She has however become a little harder to settle at bedtime though. We do a form of comforting which goes like this


If she cries after first going down, go in pick up and check its not pooy nap, wind, hunger etc, I'll often give her another top up of booby mainly for my peace of mind. Then pop her back in the cot.

If she cries again go in saying Shhhhhhh, if this dosent work pat, if still not settled give dummy if she has one, if still not settling pick up. (I must admit I have doen my own variation on this where I have my head in the cot and kiss her forehead!)

Then back down, next time she cries leave it a minute then go in and do above. Bascially keep doing this extending it by a minute at a time for as long as you can stand it :crying: About two minutes top's here.

Remember though as someone else said - keep it boring. No eye contact, speaking etc. Just give the comfort and as soon as they are settled get out.

Hope this helps, if you want any more info give us a holler.

May you be having lovely :sleeping: soon.

Mumma
28-02-2006, 11:23
Hi all

We are having the same problem. DS (7 months) has been waking each night b/n 3am and 4am. He is typically sitting up in his cot when we go in (I say we b/c its turned into a two person job). This has been going on for about a week.

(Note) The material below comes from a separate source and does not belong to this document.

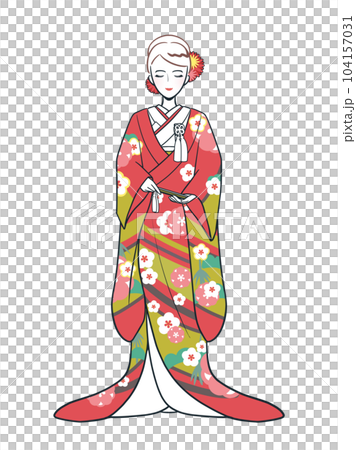 赤い色打掛、洋髪の新婦 104157031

He isn't sick, he just seems to wake and isn't able to go back to sleep. I had been changing his nappy (its invariably wet), then feeding him (FF), and then re-wrapping him. Last night we decided to try CC. No luck. So I ended up feeding him and he skolled a 220 bottle.

I think he maybe he is genuinely hungry (although he is ating quite a bit during the day). I just worry if he gets into a habit of being fed during the night we might have trouble breaking it.

Any thoughts? (I have also booked in to see the MACH nurse next week, hopefully they will have a fresh perspective).

Thanks in advance!! :D

LockieCJsmum
02-03-2006, 11:22
Hope you found the magazine OK. I just found a site that is written by the same author as the article I mentioned. It is www.saveoursleep.com.au.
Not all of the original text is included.